Buildings like the blacksmith offer upgrades to troops in the form of percentile stat increases, but they offer no real visual change to troops. Tech tree improvements work in a similar vein but feel lackluster. And as much as I love the city-building elements, you’ll basically have a full city built in roughly 30-45 minutes, even with the odd incursion from hostile forces.
Runestones can be found on most of the maps and bestow a number of boons for your clan, though not outright; they require you to build a Temple in order to make use of their blessings. There are six runes to find on the map, and collecting all six grants you the mighty power of Ragnarok, essentially functioning as a Viking nuke to your foes.
While there could be some better balancing amongst the six, the two best early-to-mid game runes for blessings are Freyja and Bragi, allowing you to instantly regrow harvested forests and boost the production of buildings by 100%, respectively. The powers are on a very short cooldown timer, making them very spammable, which can feel a bit cheap at times, especially with the Ragnarok ability being able to smash buildings into dust.
Resource gathering itself is fairly lackluster, as well, with forests sprouting back up through farmland, which can be rather annoying.
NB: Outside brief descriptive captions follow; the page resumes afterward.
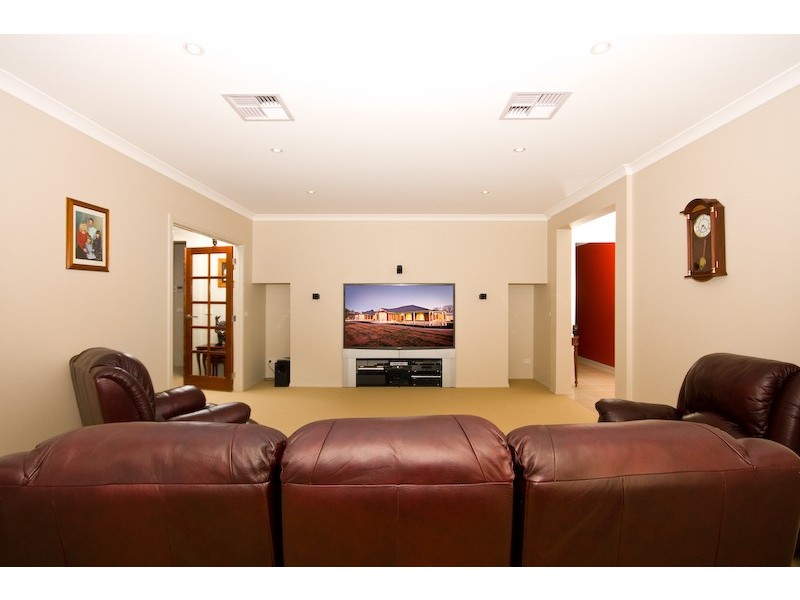 710 Cureton Avenue, Nichols Point VIC 3501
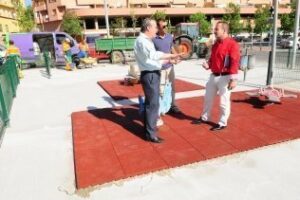 Siete parques infantiles mejoran su calidad con la incorporación de pavimento de caucho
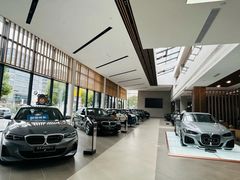 -上海宝信宝马4S店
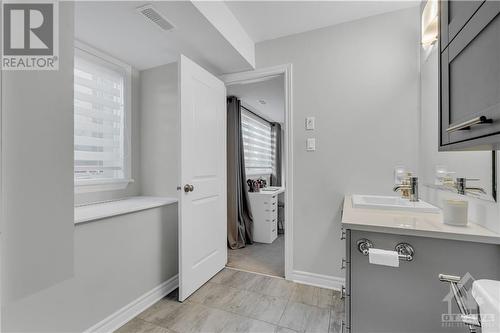 35 Carabiner Private, Ottawa, ON - Indoor Photo Showing Bathroom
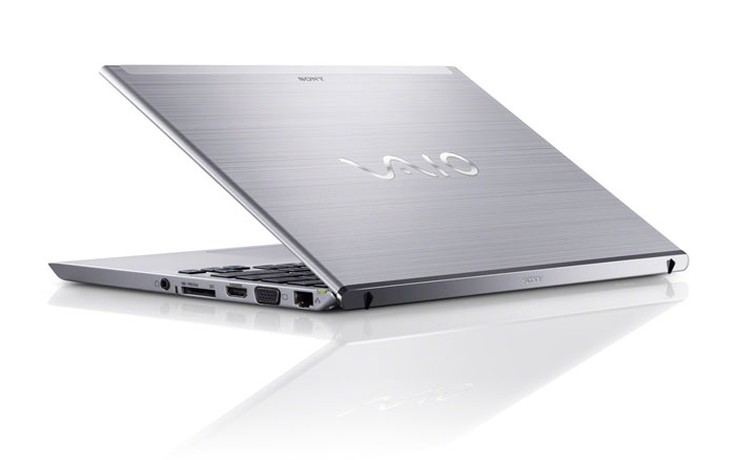 Ultrabook đầu tiên của Sony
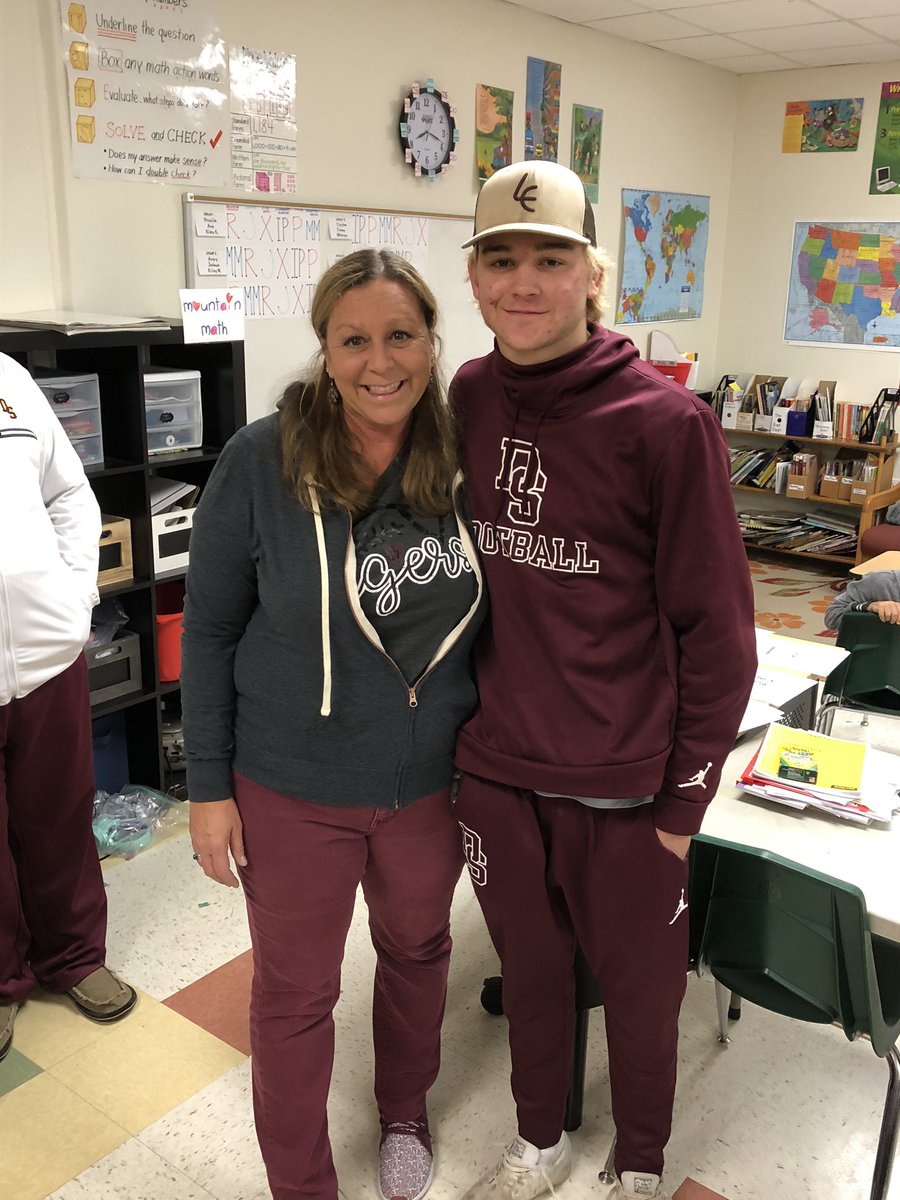 Congratulations to @TeamNorthrup2 for being named @KVUE ‘s “Football Mom of the Week!” @CoachGZimmerman @roostersprings @DSFBTPD #IamDSISD #RiSEtogether2019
Eventually, I got to a point where I’d just use the market to trade for most goods selling excess leather or clothing and not even worrying about continued resource gathering.
Graphically Frozenheim is stunning. There’s so much going on that I found myself stopping to watch things like the swaying of tree branches during a storm or deer grazing in the woods moments before my hunters dispatched them to feed my ever-growing population. Even the water lapping up on the shores has an allure.
This carries over to the building designs, as well. The thatching on the roofs, the rough, hand-hewn plank walls of the Longhouse, and the human-shaped wooden training dummies at the troop barracks — it all makes the game come to life.
The audio is equally enjoyable. Blending seamlessly with the background effects, the music isn't overly distracting or detracting from the natural sounds of nature and the various units and NPCs in the towns.
There are still some glitchy issues I noticed during my time with the game. Sometimes the game won't register you've clicked on units. It generally isn’t much of a problem, though, as I instinctually click-drag-select from years playing this genre. Also, the camera can get pretty wonky while scouting the map, unveiling the fog-of-war, especially around mountainous areas of the terrain. These aren't game-breaking issues, but just a bit of polish that could be addressed.
Frozenheim Review — The Bottom Line
- Attractive visuals and audio.
- Virtually no learning curve.
- Graphically stunning.
- Strategic city-building.
- Single-player and multiplayer options.
- Semi-stale combat.
- Spammable, somewhat unbalanced runestones.
- Some UI and camera issues.
- Lackluster resource management.
Frozenheim is a solid addition to the city-building RTS genre. The game is pretty to look at and the game loop, though a bit short, is enjoyable with virtually no learning curve. With a number of single-player options and multiplayer capability, there are plenty of hours worth of enjoyment here, but nothing new or genre-defining.
[Note: Hyperstrange provided the copy of Frozenheim used for this review.]